Each of these posts has a remark about “lunar metadata.” This was an idea first proposed to me in the early 2000s (I cannot recall which coworker to credit with this… Heather Wakefield, perhaps?) that we should regard software development as proceeding in phases.

The theoretical principle here, oddly, is down to cybernetics.

If we want to hold some variable at a target value, and it is influenced by some input, control theory tells us we ought to start out by pushing back on any deviations with the first derivative of their relationship. If x is one unit too high, and increasing y by one unit increases x by two, apply negative one half y and see what happens. In this way we “attach a spring” between inputs and outputs, keeping everything in line.

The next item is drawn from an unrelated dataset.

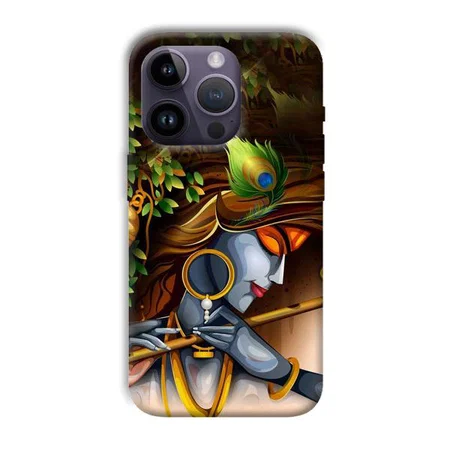 Krishna & Flute Customized Printed Back Case for Apple iPhone 14 Pro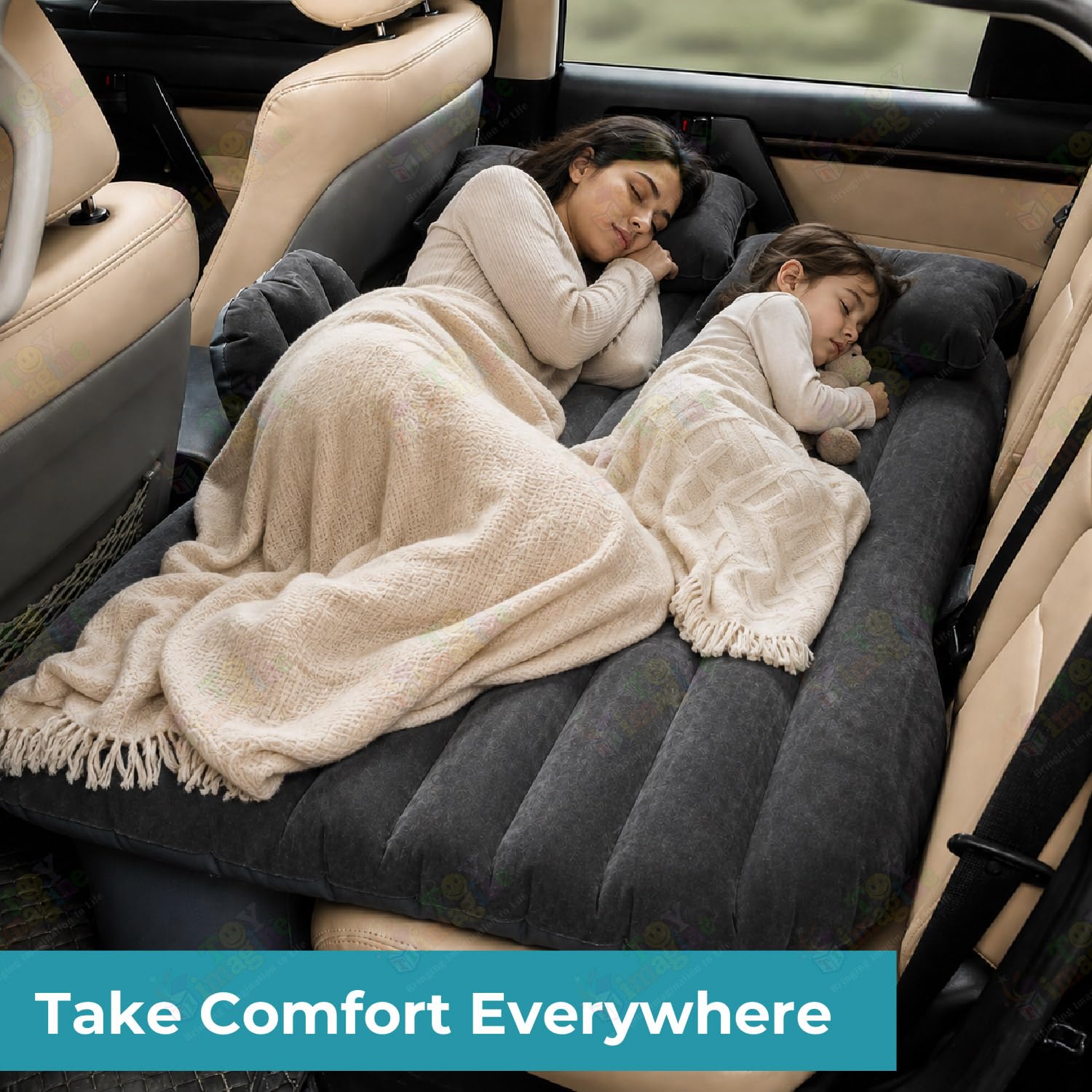 Toy Imagine Inflatable Car Bed with Air Pump & 2 Pillows, Black — Amazon image 5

But if the relationship between x and y has even the slightest bit of lag, or is in some interesting way other than linear, this synthetic spring will get bouncy. The greater the lag, or the greater the higher-order derivatives (call them “stiffness” if you like) the more that madness will creep in.

For any attempt to control such a system there is a slowest possible change that you can counteract (usually defined by limits on how finely you can measure and how hard you can push the system) and a fastest possible change that you can counteract (usually defined by how quickly you can measure and adjust control) and the difference between these is your “control bandwidth”. When we build layered systems we generally want the highest control bandwidth in the lowest levels, and the lowest control bandwidth in the highest level.

When we don’t have enough control bandwidth, our systems blow up or oscillate wildly.

Which is a problem for us.

Whatever we are trying to accomplish with software, the fuck around / find out loop is annoyingly long. In control terms the control bandwidth of software development is really crap. And where is it most crap? In the code we are least able to control. What is the code we are least able to control? The code that is most load bearing, where any adjustment can wreck the world.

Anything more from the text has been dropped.